The surety ceases to be bound once the accused in committed into custody by s. 764(2).
Render of accused by sureties
766. (1) A surety for a person who is bound by recognizance to appear may, by an application in writing to a court, justice or provincial court judge, apply to be relieved of his obligation under the recognizance, and the court, justice or provincial court judge shall thereupon issue an order in writing for committal of that person to the prison nearest to the place where he was, under the recognizance, bound to appear.
(2) An order under subsection (1) shall be given to the surety and on receipt thereof he or any peace officer may arrest the person named in the order and deliver that person with the order to the keeper of the prison named therein, and the keeper shall receive and imprison that person until he is discharged according to law.
Certificate and entry of render
(3) Where a court, justice or provincial court judge issues an order under subsection (1) and receives from the sheriff a certificate that the person named in the order has been committed to prison pursuant to subsection (2), the court, justice or provincial court judge shall order an entry of the committal to be endorsed on the recognizance.
Discharge of sureties
(4) An endorsement under subsection (3) vacates the recognizance and discharges the sureties.
R.S., 1985, c. C-46, s. 766; R.S., 1985, c. 27 (1st Supp.), s. 203.

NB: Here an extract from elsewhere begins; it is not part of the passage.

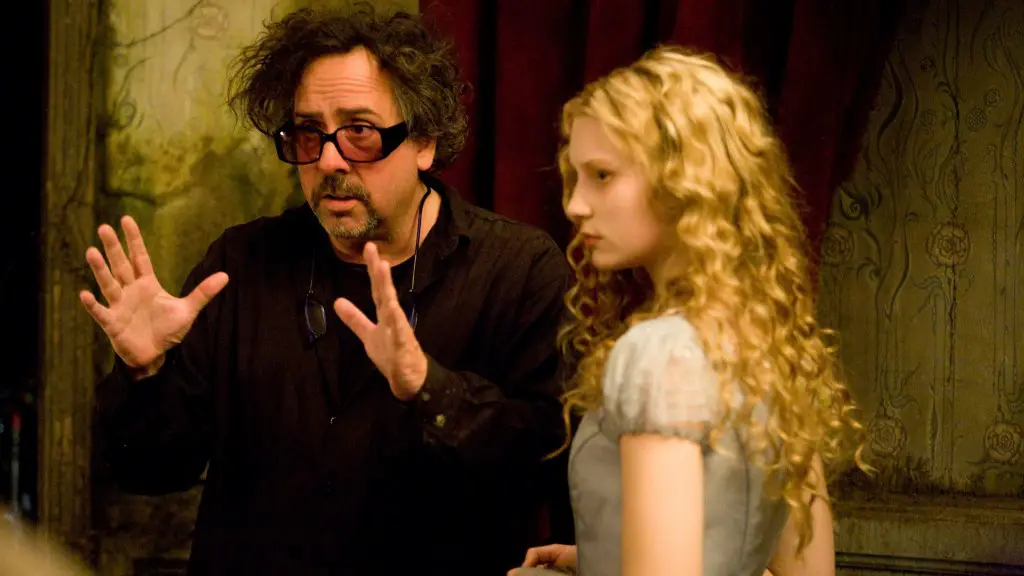 Still of Tim Burton and Mia Wasikowska in Alice in Wonderland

Render of accused in court by sureties
767. A surety for a person who is bound by recognizance to appear may bring that person into the court at which he is required to appear at any time during the sittings thereof and before his trial and the surety may discharge his obligation under the recognizance by giving that person into the custody of the court, and the court shall thereupon commit that person to prison until he is discharged according to law.
R.S., c. C-34, s. 701.
When a surety renders under s. 766 or 767 and the accused is then committed to prison under s. 767(2), only then is the recognizance vacated and the surety completely discharged. In this circumstance, s. 767.1 does not apply and would not permit re-release with a new surety under the same terms.

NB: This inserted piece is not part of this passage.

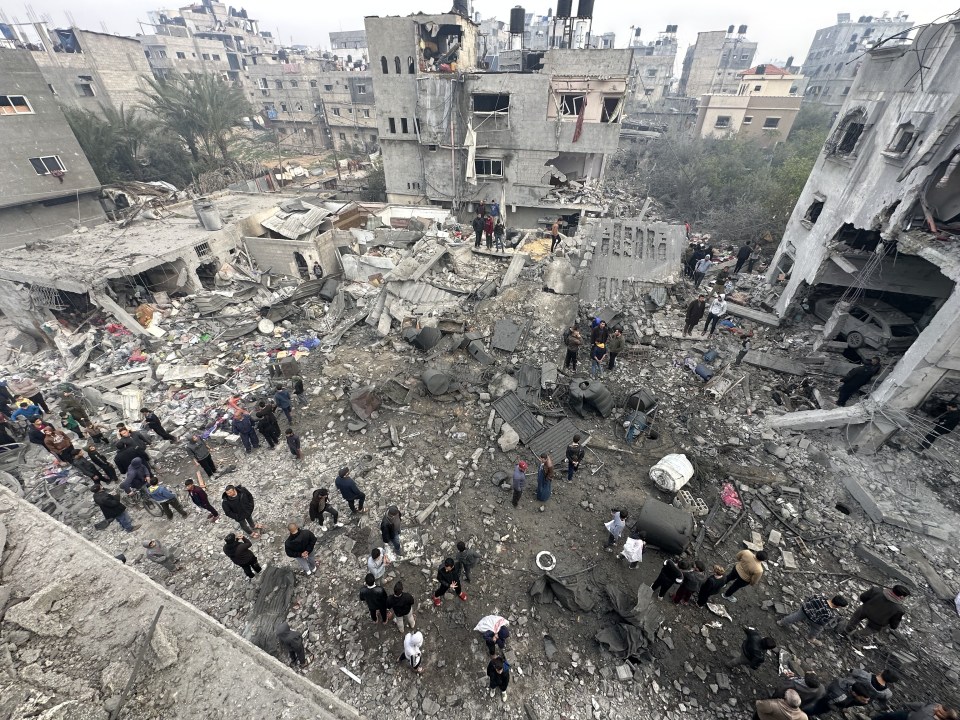 Aerial view of a destroyed residential building in Gaza, with people surveying the damage.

Application of judicial interim release provisions
769. Where a surety for a person has rendered him into custody and that person has been committed to prison, the provisions of Parts XVI, XXI and XXVII relating to judicial interim release apply, with such modifications as the circumstances require, in respect of him and he shall forthwith be taken before a justice or judge as an accused charged with an offence or as an appellant, as the case may be, for the purposes of those provisions.
R.S., c. C-34, s. 703; R.S., c. 2(2nd Supp.), s. 14.
After the surety has rendered and the accused is taken back into custody, s. 769 requires a new bail hearing for any future release.
Change of Surety
Where a surety no longer wishes to be responsible as a surety for the accused and there is a suitable substitution available, the surety will render surety under s. 766(1) and 767, but rather than render the accused into custody, the court may substitute the previous surety with a new one under s. 767.1. The new surety is in place once he has signed the recognizance.
Substitution of surety
767.1 (1) Notwithstanding subsection 766(1) and section 767, where a surety for a person who is bound by a recognizance has rendered the person into the custody of a court pursuant to section 767 or applies to be relieved of his obligation under the recognizance pursuant to subsection 766(1), the court, justice or provincial court judge, as the case may be, may, instead of committing or issuing an order for the committal of the person to prison, substitute any other suitable person for the surety under the recognizance.
Signing of recognizance by new sureties
(2) Where a person substituted for a surety under a recognizance pursuant to subsection (1) signs the recognizance, the original surety is discharged, but the recognizance and the order for judicial interim release pursuant to which the recognizance was entered into are not otherwise affected.
R.S., 1985, c. 27 (1st Supp.), s. 167.